**Brief:**
Type out each entry exactly as it appears, but keep every image out.

**Data provided:**
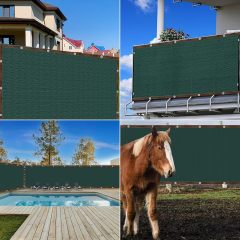 Balcony Privacy Screen 150 g/m² ，100x600cm Wind Protection UV Protection with Cable Ties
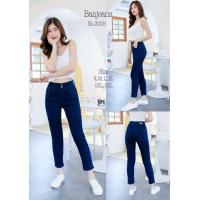 ราคา ยีนส์ผู้หญิงขาเดฟ 8 ส่วน กางเกงขายาว กระดุม 2 เม็ด ขอบเอวใหญ่ กางเกงยีนส์ผ้ายืด เอวสูง เก็บทรงสวย (15425312736)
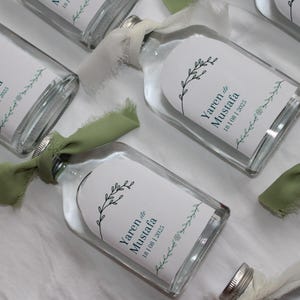 Personalised Kolonya Favours | Turkish Cologne Bottles for Wedding, Henna, Engagement or Baby Shower | Custom Party Gift for Guests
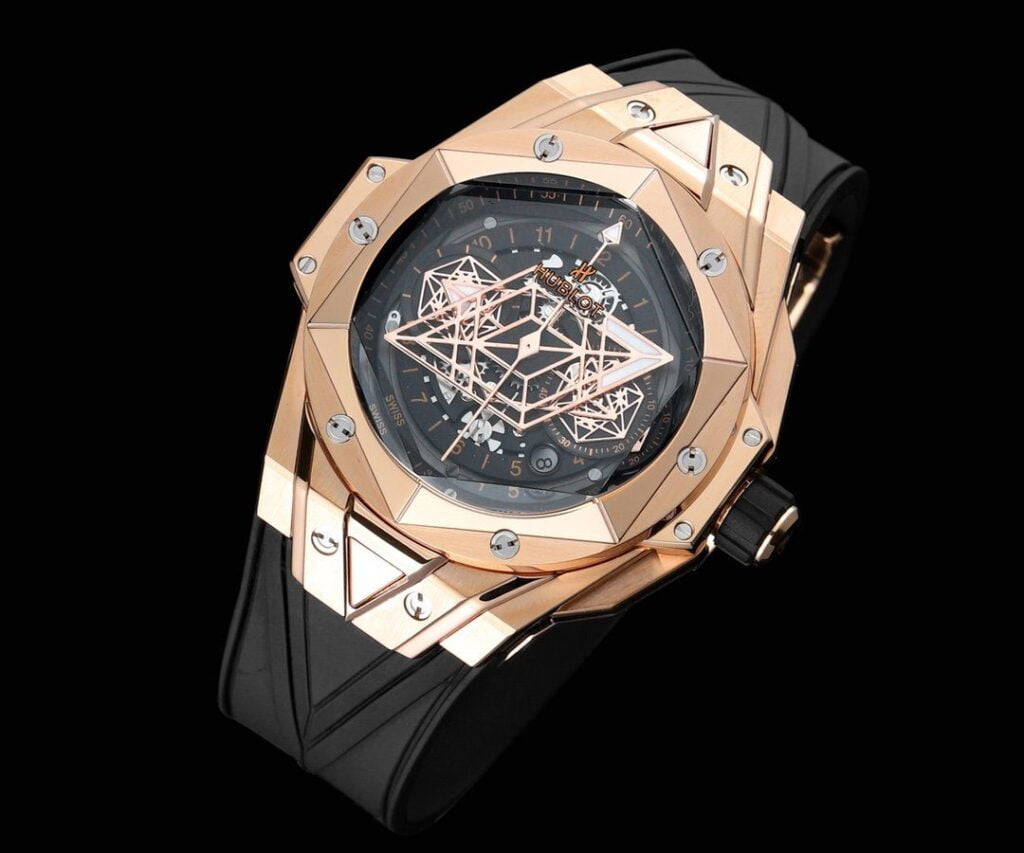 ĐỒNG HỒ HUBLOT BIG BANG SANG BLEU II 418.OX.1108.RX.MXM19 REPLICA 11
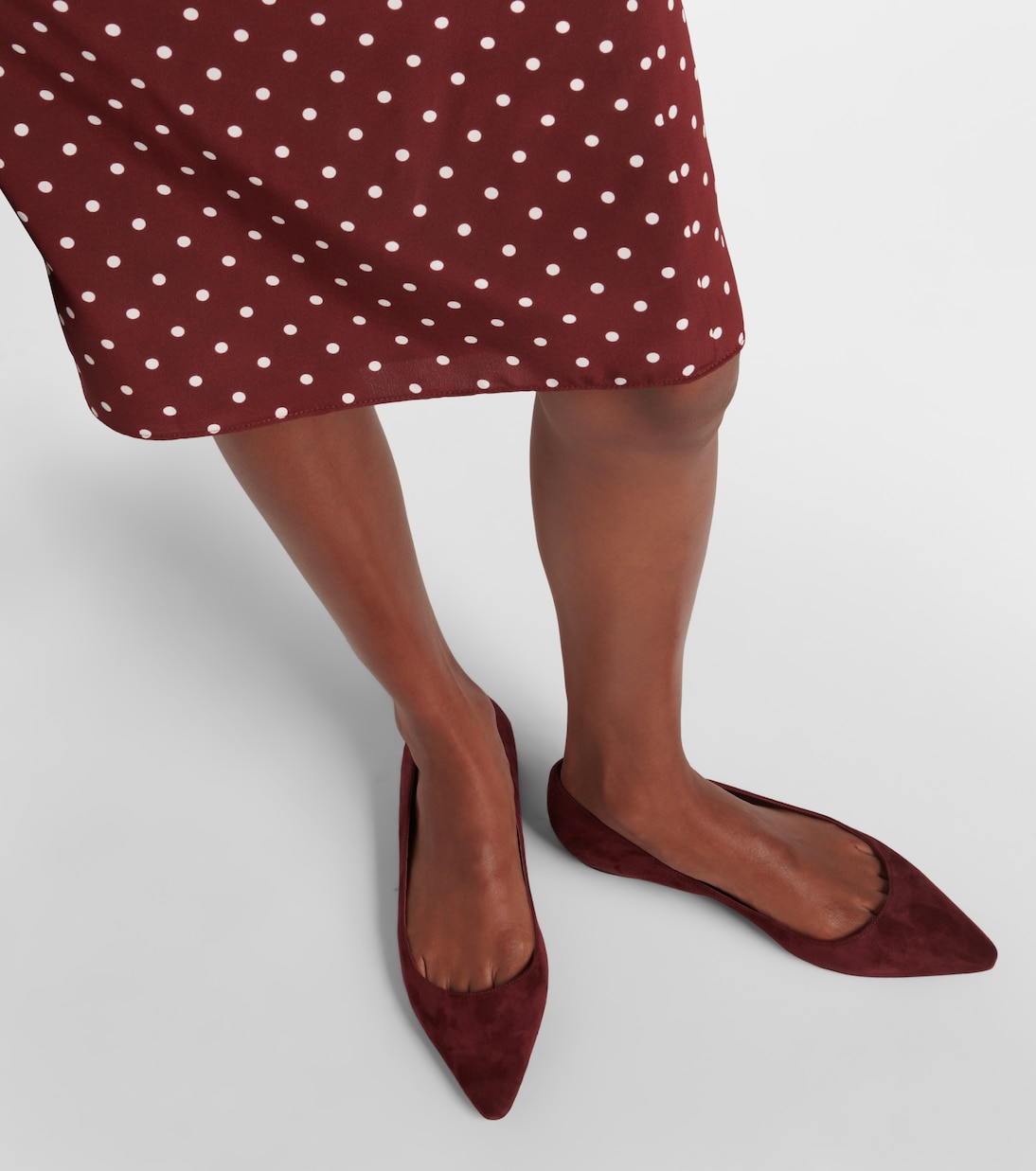 Romy suede ballet flats | Jimmy Choo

**Solution for this exercise:**
 Balcony Privacy Screen 150 g/m² ，100x600cm Wind Protection UV Protection with Cable Ties
 ราคา ยีนส์ผู้หญิงขาเดฟ 8 ส่วน กางเกงขายาว กระดุม 2 เม็ด ขอบเอวใหญ่ กางเกงยีนส์ผ้ายืด เอวสูง เก็บทรงสวย (15425312736)
 Personalised Kolonya Favours | Turkish Cologne Bottles for Wedding, Henna, Engagement or Baby Shower | Custom Party Gift for Guests
 ĐỒNG HỒ HUBLOT BIG BANG SANG BLEU II 418.OX.1108.RX.MXM19 REPLICA 11
 Romy suede ballet flats | Jimmy Choo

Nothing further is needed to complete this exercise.